I Co'Sang sono stati un gruppo musicale hip hop italiano, composto da Ntò e Luchè,[1] attivo dal 1997 al 2012.[2]

Storia del gruppo[modifica | modifica wikitesto]

Gli inizi[modifica | modifica wikitesto]

Cresciuti nel quartiere Marianella di Napoli, ai confini con Scampia, Piscinola, Chiaiano e Miano, hanno iniziato il loro percorso musicale con gli pseudonimi Tony Molla[3] e Luca Malphi[4] e la partecipazione all'album autoprodotto Spaccanapoli (1997) del collettivo napoletano Clan Vesuvio,[1] con la traccia Paura che passa, scritta e prodotta con Denè e Dayana, inizialmente membri dei Co'Sang. La divisione tra Ntò e Luchè, e Denè e Daiana, assesta il gruppo con la nuova formazione, dedita ad uno stile fatto di decisione e di rade presenze sulla scena discografica hip hop, prediligendo l'attività dal vivo.

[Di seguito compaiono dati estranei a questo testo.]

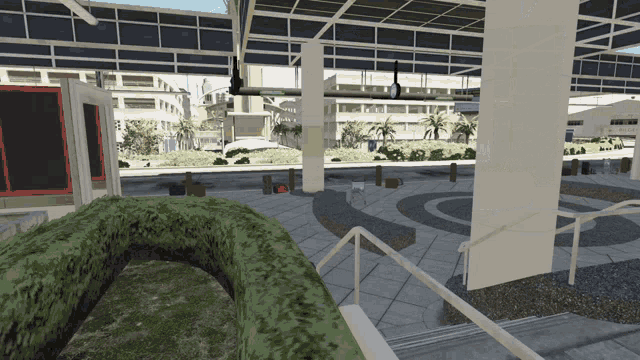 a computer generated image of a building with a sign that says ' plaza '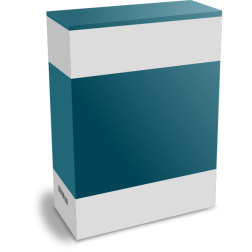 Vector image of dark green software packaging box
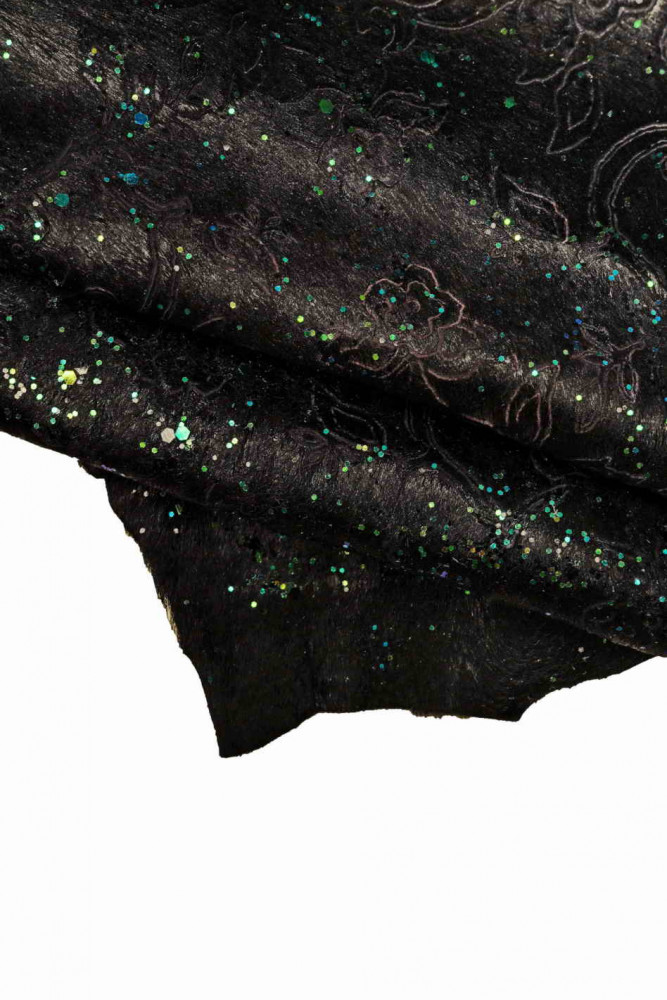 BLACK FLORAL printed hair on leather hide with green glitter, pony effect printed stiff calfskin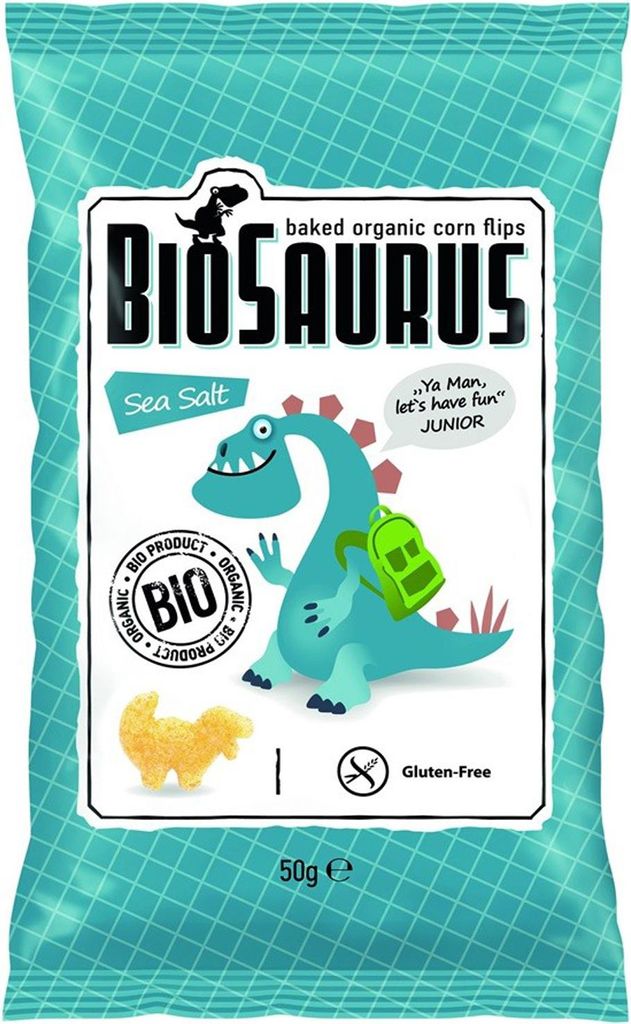 -Glutenfreie Dino-Maischips mit Meersalz, 50g Produktbild 
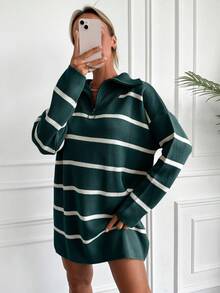 EURMUSE Drop Shoulder Stripes Sweater With Half Zipper - Green - View 5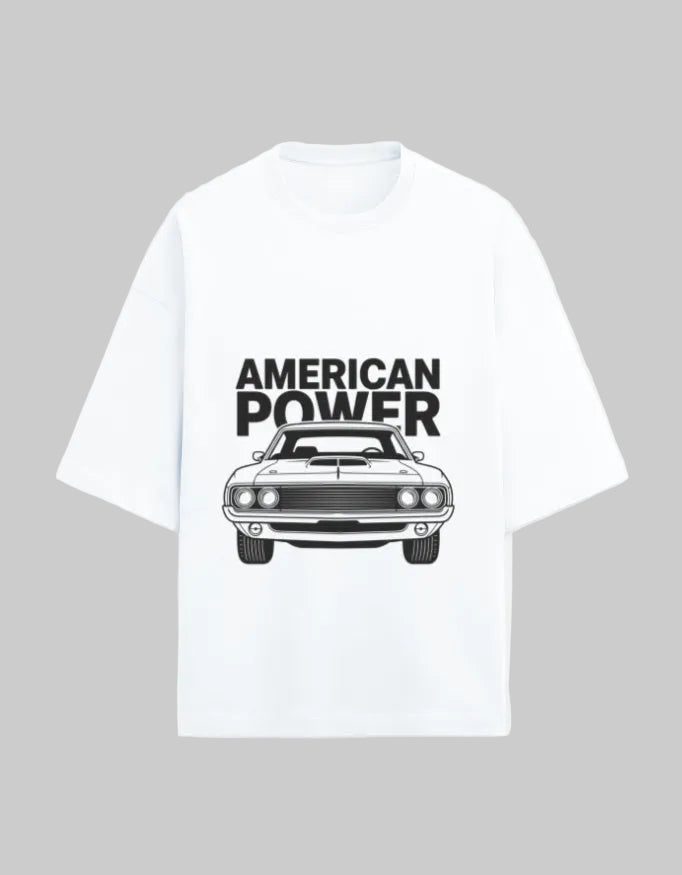 American Power Oversized Terry Tshirt oversized fit cotton fabric heavyweight fabric printed design detail view by HAViT Apparel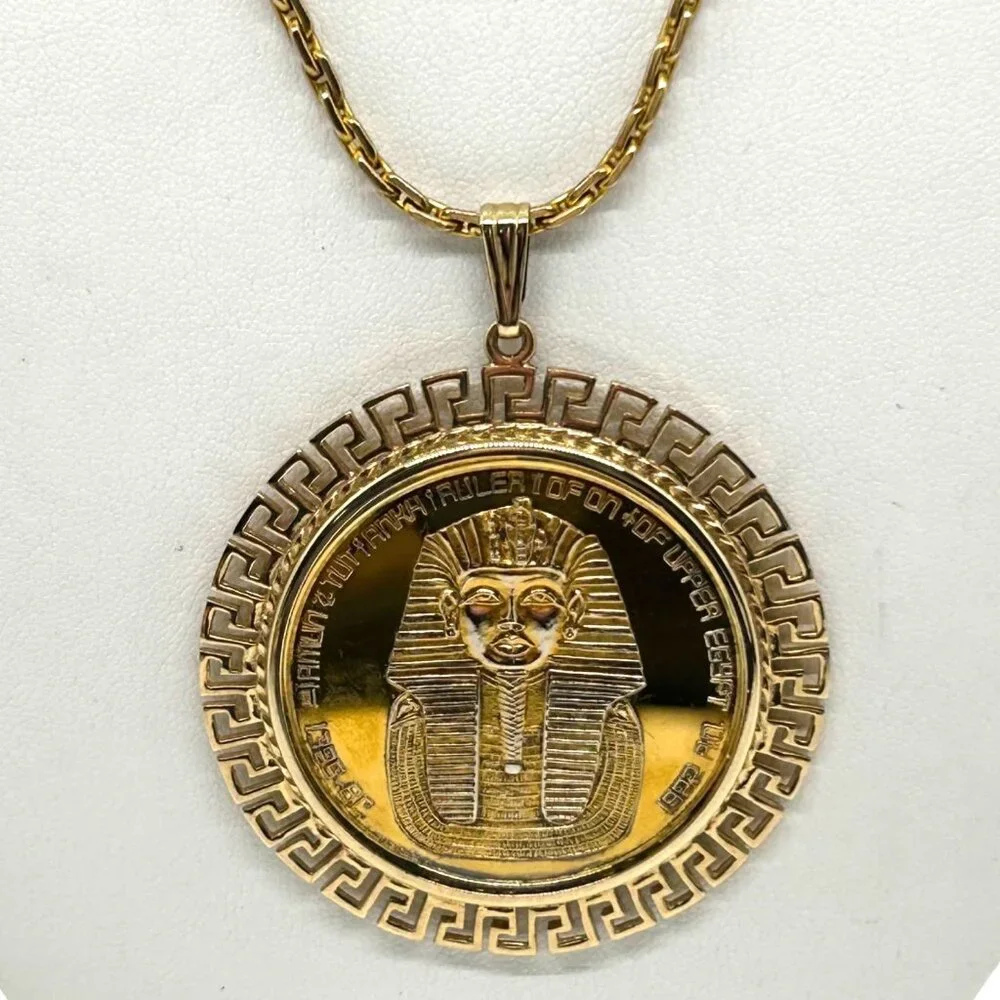 Tutankhamun Gold-tone Coin Pendant Necklace Egyptian Symbols & Greek Key Border - Picture 1 of 14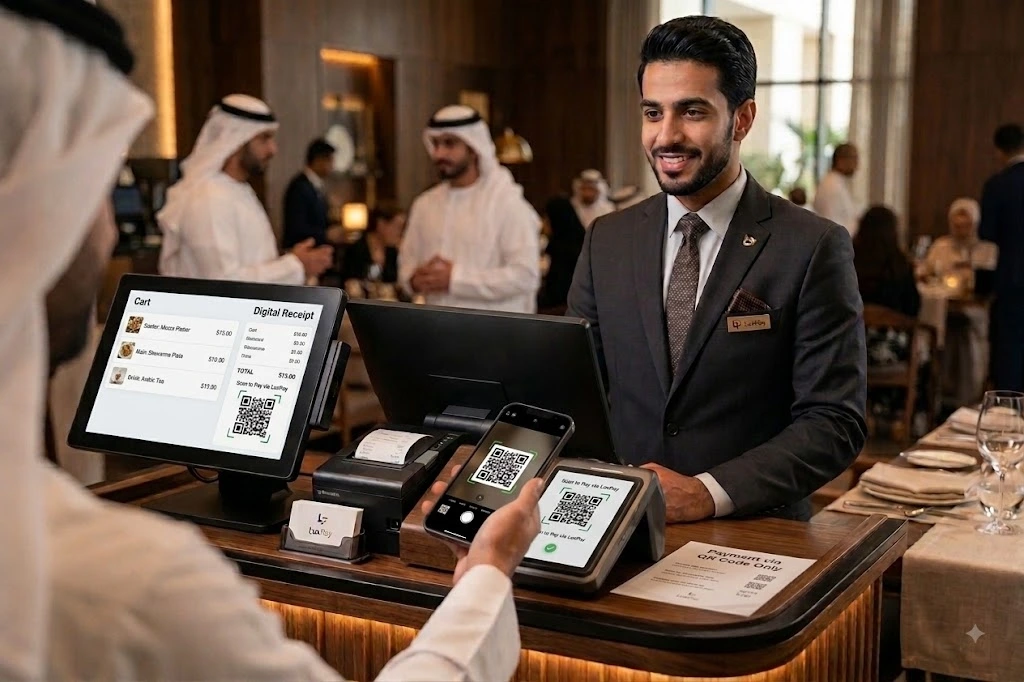 شاشة عميل تعرض السلة والمبلغ ورمز QR عند توفره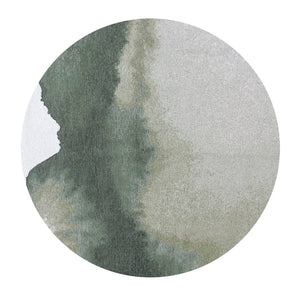 Louis de Poortere Meditation Collection Abstract Ink Blot Area Rug Coastal Teal for Serene Living Spaces Palm Green 9'6 x 9'6 120118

Solo nel biennio 2005-2006 il duo ha iniziato una serie di collaborazioni con artisti importanti del panorama nazionale come Rischio e Inoki, rispettivamente nei dischi Reloaded - Lo spettacolo è finito Pt. 2 e The Newkingztape Vol. 1. La compilation Napolizm: a Fresh Collection of Neapolitan Rap (2005) ha ospitato due brani dei rapper partenopei: Int 'O Rione e Pnzier' pesant con i Fuossera.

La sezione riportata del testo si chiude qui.